Way back in 1940, The Rudder magazine ran an article by Charles Blackford entitled “How I Cruise.” Charles was an inspiration to all of us. When he was asked what lists he used to provision the boat for a cruise, he said: “When I go cruising, I go for fun. I don’t intend to play valet to an ice box or chef to a five-course dinner. One old carton carries the chow, another the cooking and eating gear. All you have to do is pull them out into the light and dig. No hunting about under berths or in dark lockers.”

His questioner seemed somewhat shaken, but he continued nevertheless and asked how Charles Blackford set about the overall planning for a cruise. According to the article in The Rudder, Blackford replied: “I don’t plan.

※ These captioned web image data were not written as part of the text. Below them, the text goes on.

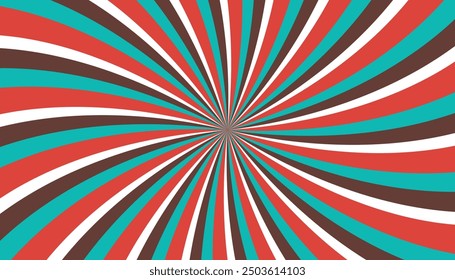 Abstract retro groovy colorful sunburst pattern striped twirl twisted 70s vintage background texture. Spiral radial vector in trendy retro psychedelic illustration. Grandma’s Attic color palettes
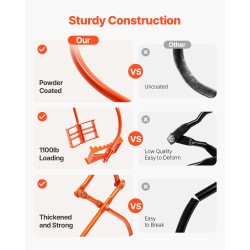 Kivinostopihdit teräs 609 mm 500 kg kantavuus kaksileukainen hammastettu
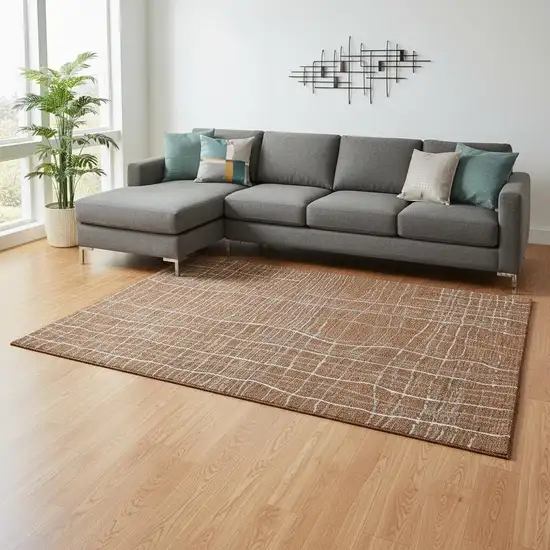 Rust Ivory And Gray Striped Washable Area Rug With UV Protection Photo 2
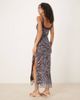 ASOS DESIGN ASOS DESIGN double layer scoop neck slip midi dress in chocolate and pale blue zebra print-Multi - 3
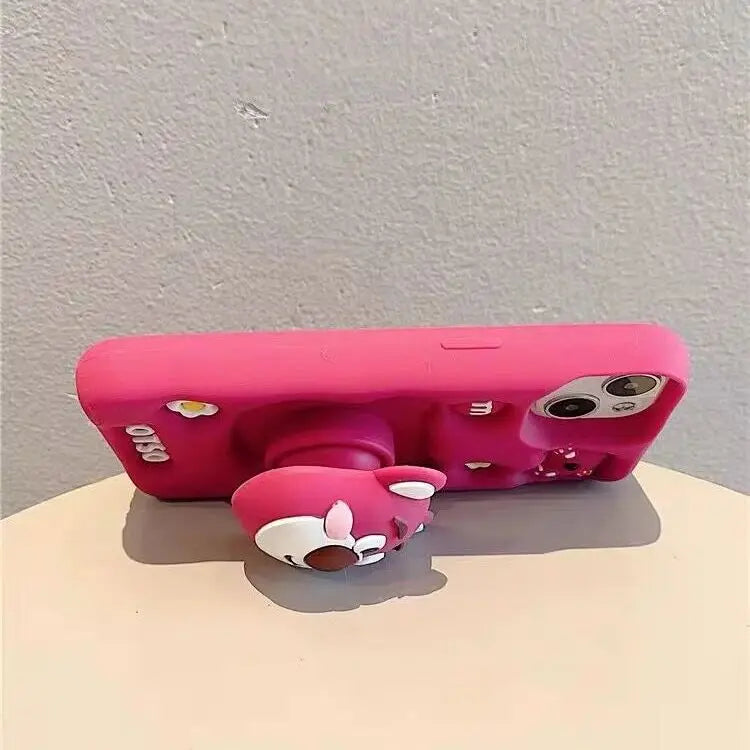 MINISO Anime Cartoon Cute Bracket Strawberry Bear For IPhone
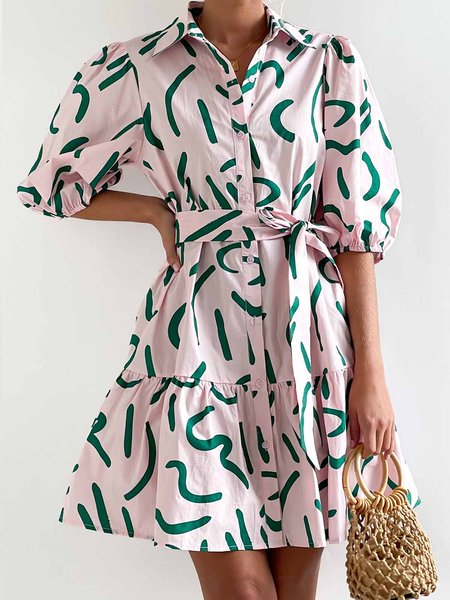 

Vacation Shirt Collar Abstract Print Dress, Pink, Midi Dresses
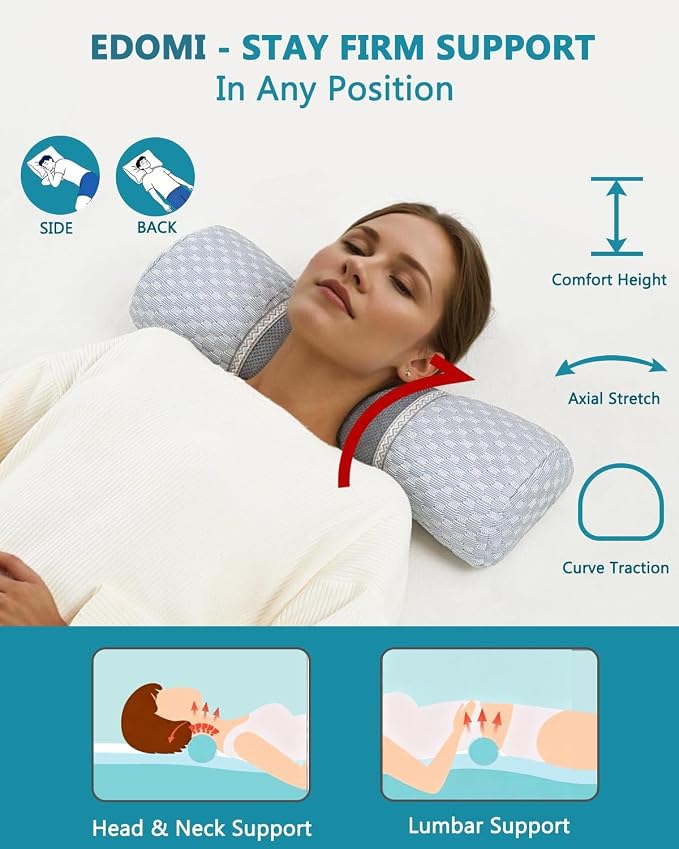 Buckwheat Cervical Pillow for Sleeping, Adjustable Roll Pillow for Neck Relief with Washable Pillowcase, Round Cylinder Bolster for Firm Support, 16.5x4.7 inch (Grey)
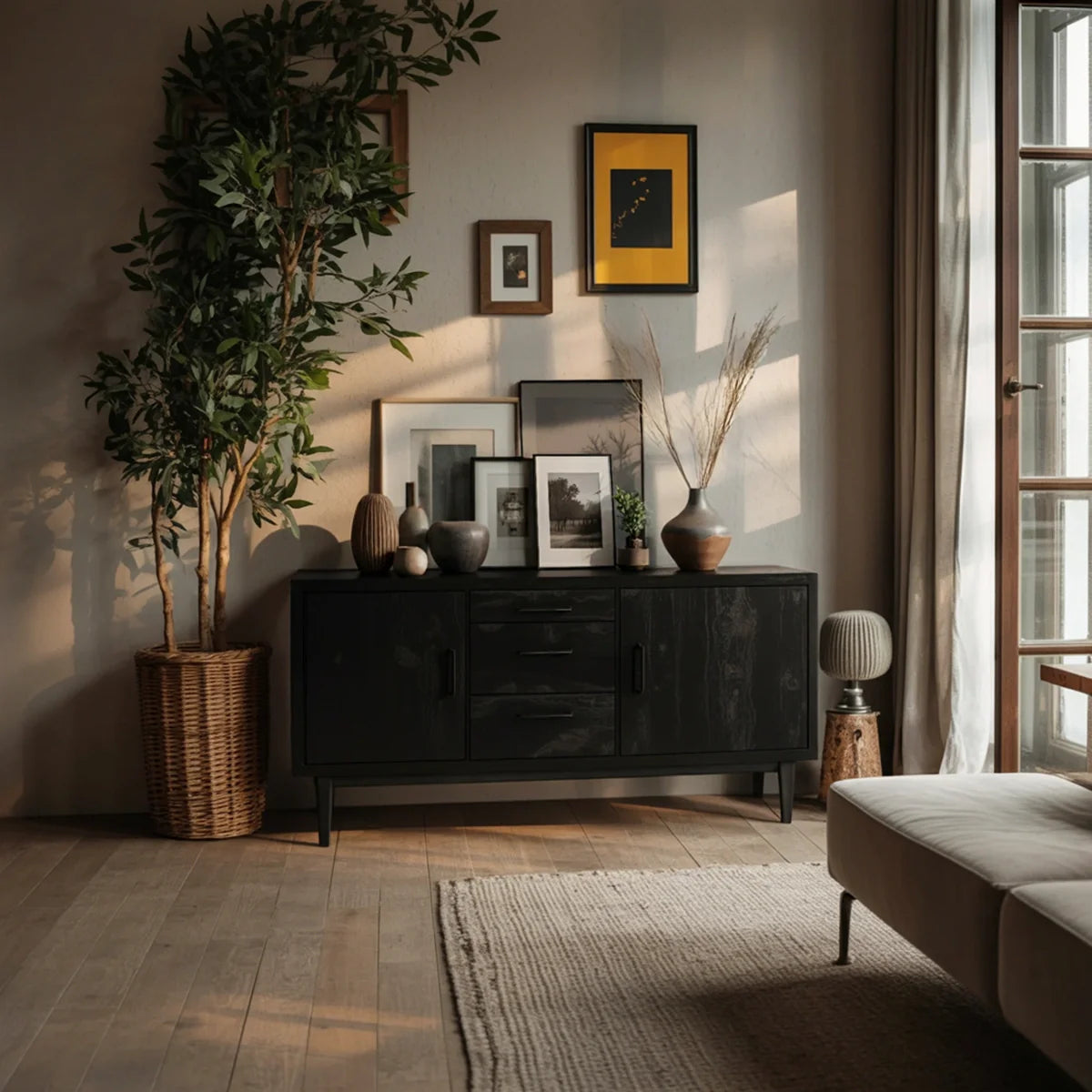 Solid Wood Storage Cabinet with Mixed Drawers and Modern Rustic Style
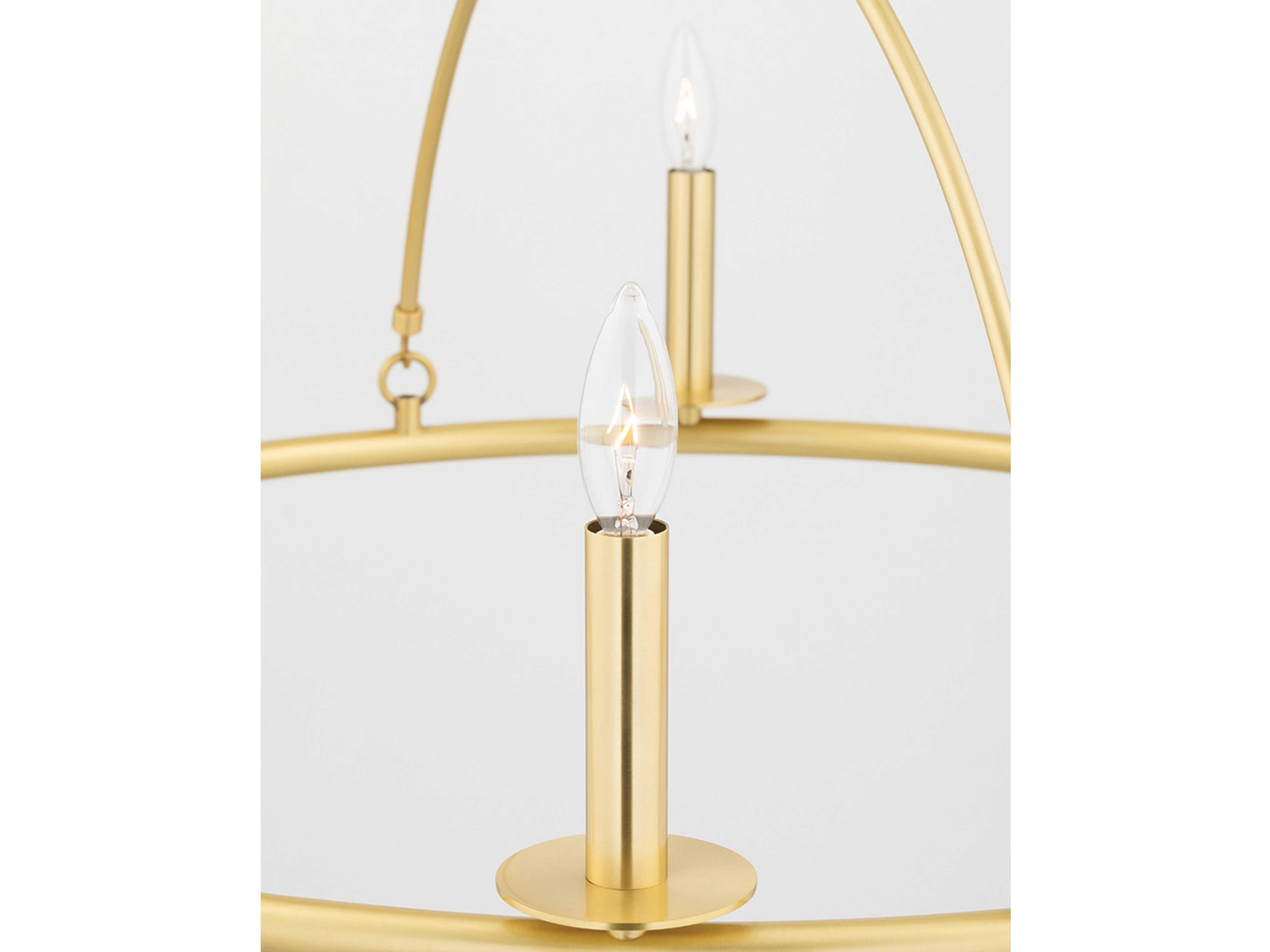 Hudson Valley Howell 20-Light Aged Brass LED Candelabra Round Tiered Chandelier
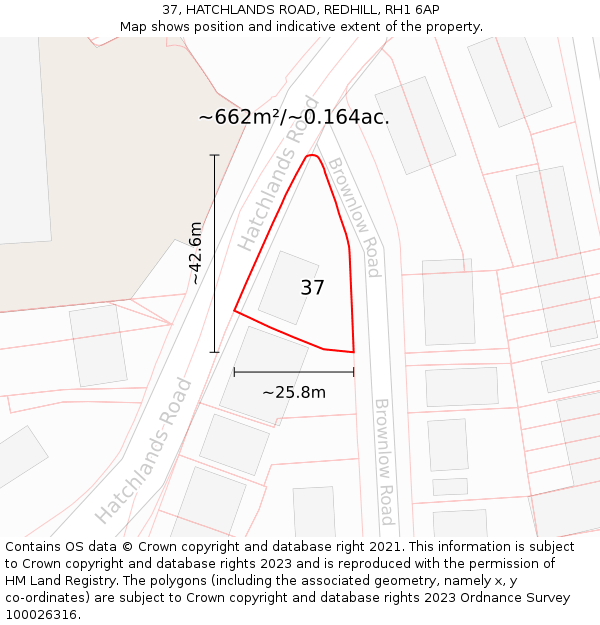 37, HATCHLANDS ROAD, REDHILL, RH1 6AP: Plot and title map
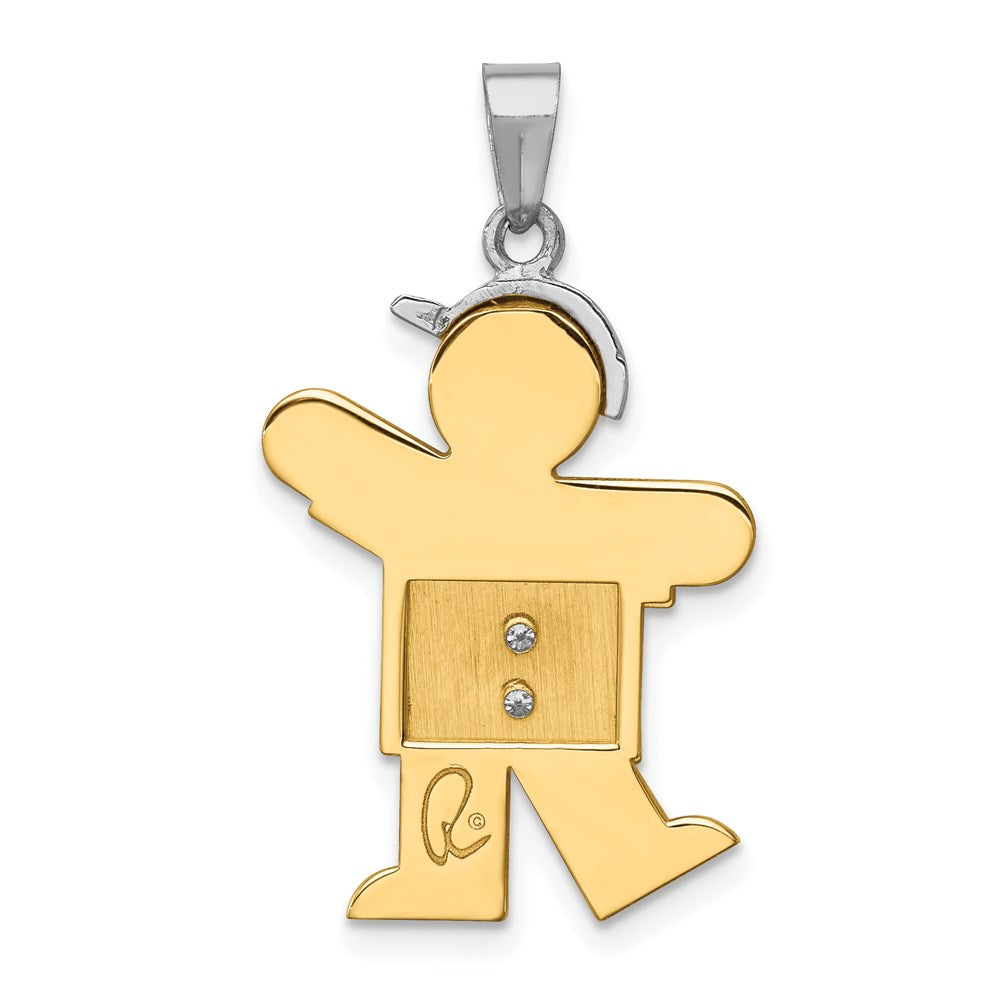 14k Two tone A Diamond kid pendant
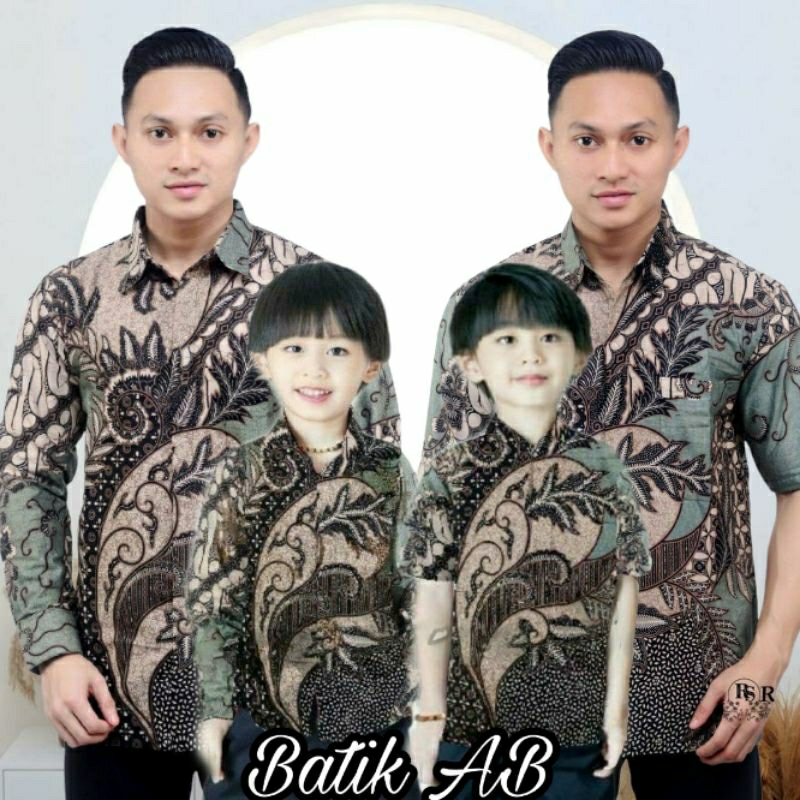 Kemeja Batik Anak Laki laki Warna Hijau Sage Batik Pria Dewasa Couple Batik Ayah dan Anak Cowok Moti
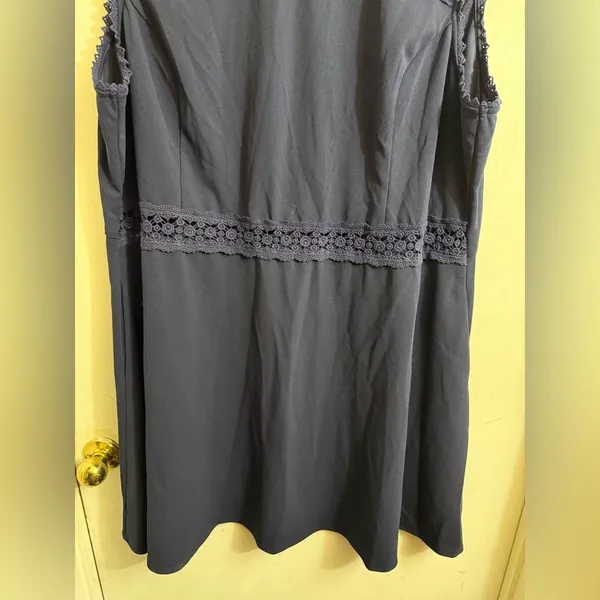 Speechless Navy Blue Lace-Trim A-Line Dress Size‎ 24 - Image 3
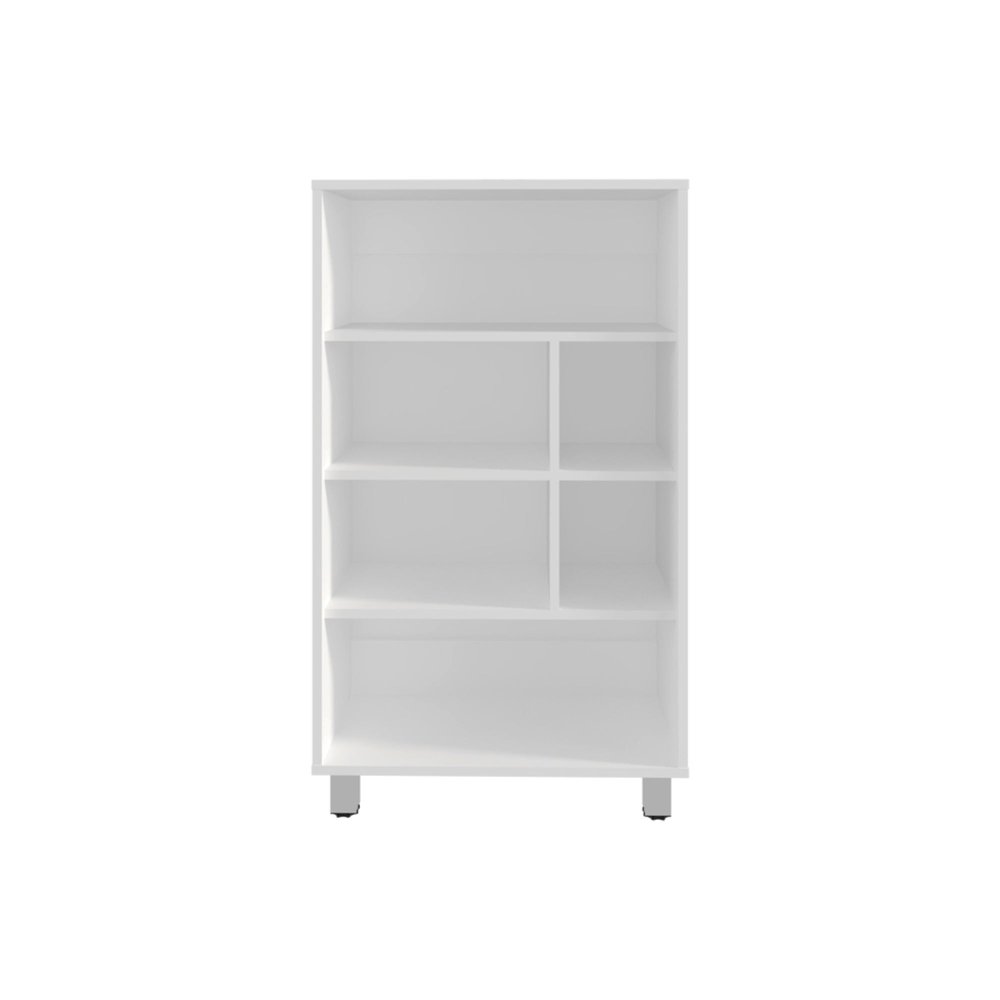 41" White Wood Four Tier Bookcase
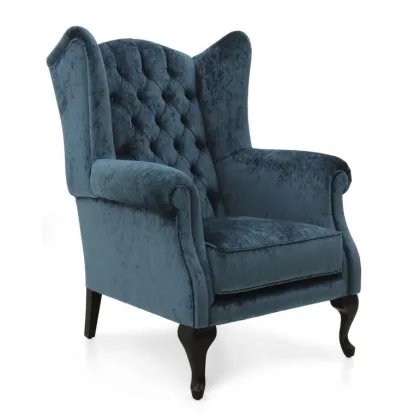Zdjęcie Niebieski elegancki fotel klasyczny o strukturze drewna bukowego - Sevensedie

I may think about going a certain place five or six years, then when the combination of circumstances seems just right, I collect someone to go along, chuck my gear into the cabin and start. “Generally, I don’t get there. Quite often I find myself headed in the opposite direction, the wind being what it is. I have places where I want to go in all directions and all distances, so it doesn’t really matter.


“But when I do get started I run day and night as long as the wind is fair. If it heads me before I get to my destination I don’t argue but run into the nearest hole the wind allows me to make. Generally I find it quite as interesting as the place for which I was heading. (I’m always disappointed in my destination if I accidentally happen to arrive there.)


“Coming back, I take it easy, duck from pothole to pothole with a couple of days tucked up my sleeve for bad weather. If I don’t use them up I spend them in a short run from home, just lazing around and finishing up the grub so we won’t have much to lug off the boat. I cruise for fun, not as a self-imposed endurance contest.


“Having spent 15 or more years deep water I get my kick out of browsing in and out of pot holes. Cruising is a time of relaxation to me, not a desperate race against time and wind. I’ve gone out for days, had a good time, and never been twenty miles from my mooring.”


Today’s Thought
The man is prudent who neither hopes nor fears anything from the uncertain events of the future.
— Anatole France, The Procurator of Judea


Tailpiece
Instinct is what allows a man to recognize a mistake the second time he makes it. Experience is what keeps him from admitting it the third time.


(Drop by every Monday, Wednesday, Friday, for a new Mainly about Boats column.)

October 12, 2014

Keeping the watch down below

ONE OF THE MOST DIFFICULT TASKS a sailboat skipper faces is persuading the off-watch to get below and stay below. Particularly at the start of a coastal passage, which normally starts during daylight hours, it takes a fair amount of nagging to clear the off-duty crew out of the cockpit. If it’s a warm sunny day, the breeze is fair, and the sea calm, nobody wants to be down below.

But it’s important that the watch due to take over in four hours should be properly rested. The watch system should be started immediately you leave port, and even if the off-watch isn’t yet ready to sleep, they should at least lie on their bunks and start forming the habits that will serve them until they next reach port.

 Thomas Fleming Day, the editor of The Rudder magazine, had a great deal to say about the behavior of off-watch crews, especially  with regard to sailing at night, and he maintained that “the watch whose watch is below should keep it there, and not go on deck. If called on deck for the purpose of shortening or making sail, they should come at once. The skipper should not, unless it is necessary, interfere with the man he places in charge when his own watch is below. By doing so, you teach that man not to depend on his own judgment and knowledge. If he is a man you can trust, trust him, or else don’t let him have charge.”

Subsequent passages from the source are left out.